Puossi far forza nella deitade,
col cor negando e bestemmiando quella,
e spregiando natura e sua bontade;
e però lo minor giron suggella
del segno suo e Soddoma e Caorsa
e chi, spregiando Dio col cor, favella.
La frode, ond'ogne coscienza è morsa,
può l'omo usare in colui che 'n lui fida
e in quel che fidanza non imborsa.
Questo modo di retro par ch'incida
pur lo vinco d'amor che fa natura;
onde nel cerchio secondo s'annida
ipocresia, lusinghe e chi affattura,
falsità, ladroneccio e simonia,
ruffian, baratti e simile lordura.
Per l'altro modo quell'amor s'oblia
che fa natura, e quel ch'è poi aggiunto,
di che la fede spezial si cria;
onde nel cerchio minore, ov'è 'l punto
de l'universo in su che Dite siede,
qualunque trade in etterno è consunto».
E io: «Maestro, assai chiara procede
la tua ragione, e assai ben distingue
questo baràtro e 'l popol ch'e' possiede.
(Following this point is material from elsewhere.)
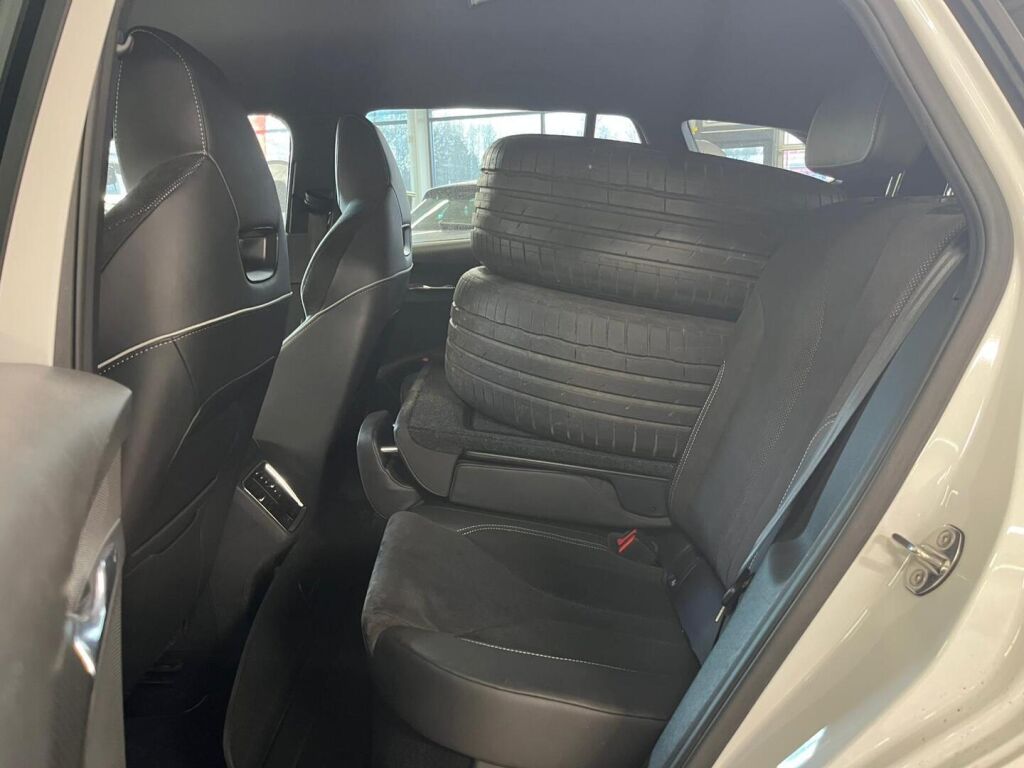 Skoda Enyaq 2021 Valkoinen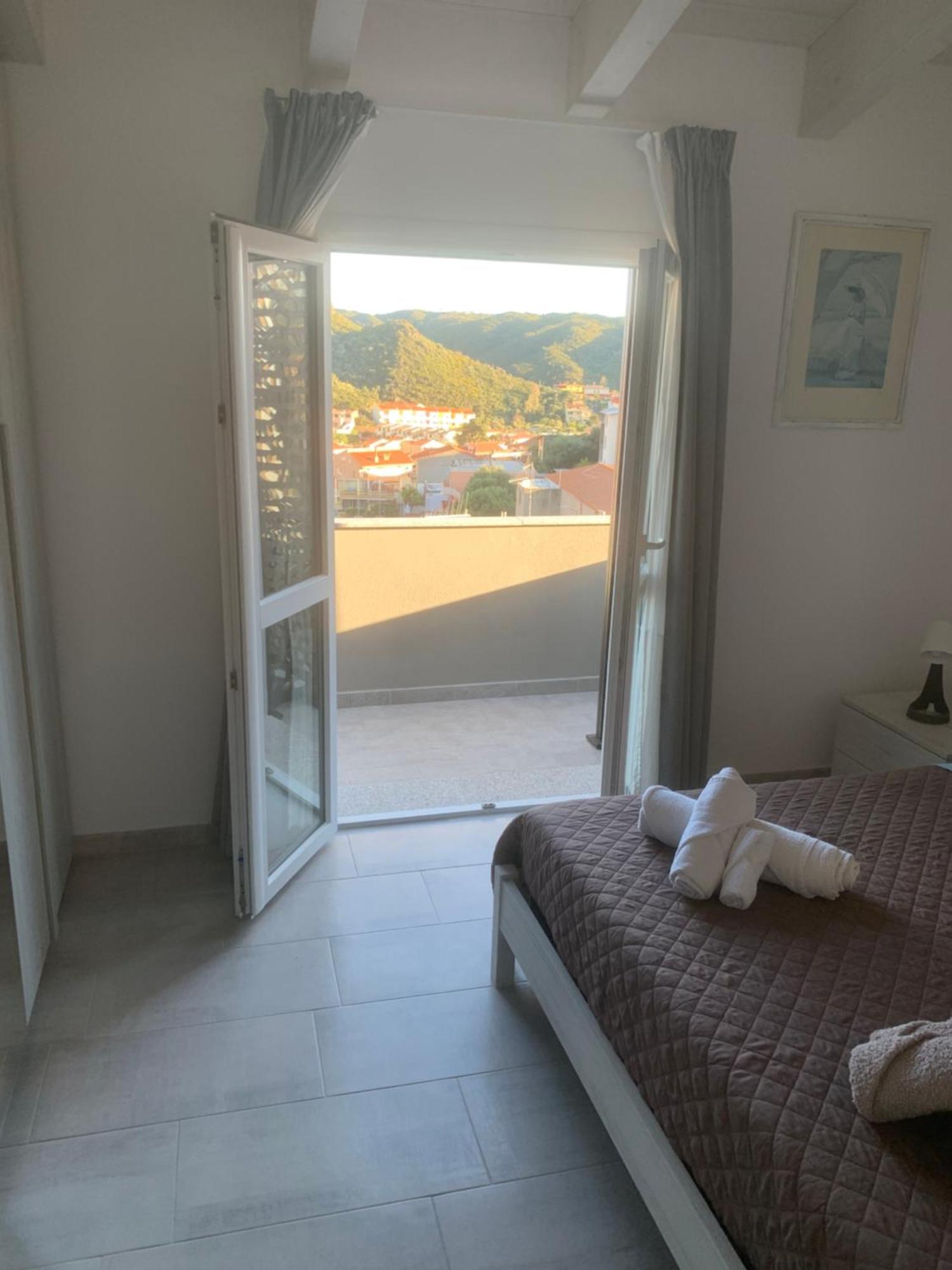 Luciano Apartment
Ma dimmi: quei de la palude pingue,
che mena il vento, e che batte la pioggia,
e che s'incontran con sì aspre lingue,
perché non dentro da la città roggia
sono ei puniti, se Dio li ha in ira?
e se non li ha, perché sono a tal foggia?».
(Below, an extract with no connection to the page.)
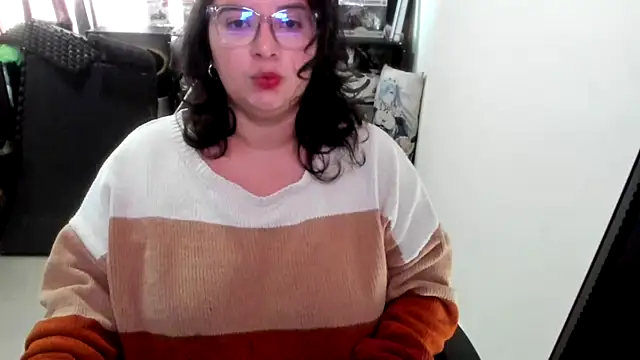 aika-dreams online show from 12-22-25, 01:00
Ed elli a me «Perché tanto delira»,
disse «lo 'ngegno tuo da quel che sòle?
o ver la mente dove altrove mira?
Non ti rimembra di quelle parole
con le quai la tua Etica pertratta
le tre disposizion che 'l ciel non vole,
incontenenza, malizia e la matta
bestialitade? e come incontenenza
men Dio offende e men biasimo accatta?
Se tu riguardi ben questa sentenza,
e rechiti a la mente chi son quelli
che sù di fuor sostegnon penitenza,
tu vedrai ben perché da questi felli
sien dipartiti, e perché men crucciata
la divina vendetta li martelli».
«O sol che sani ogni vista turbata,
tu mi contenti sì quando tu solvi,
che, non men che saver, dubbiar m'aggrata.
Ancora in dietro un poco ti rivolvi»,
diss'io, «là dove di' ch'usura offende
la divina bontade, e 'l groppo solvi».
«Filosofia», mi disse, «a chi la 'ntende,
nota, non pure in una sola parte,
come natura lo suo corso prende
dal divino 'ntelletto e da sua arte;
e se tu ben la tua Fisica note,
tu troverai, non dopo molte carte,
che l'arte vostra quella, quanto pote,
segue, come 'l maestro fa 'l discente;
sì che vostr'arte a Dio quasi è nepote.
Da queste due, se tu ti rechi a mente
lo Genesì dal principio, convene
prender sua vita e avanzar la gente;
e perché l'usuriere altra via tene,
per sé natura e per la sua seguace
dispregia, poi ch'in altro pon la spene.
Ma seguimi oramai, che 'l gir mi piace;
ché i Pesci guizzan su per l'orizzonta,
e 'l Carro tutto sovra 'l Coro giace,
e 'l balzo via là oltra si dismonta».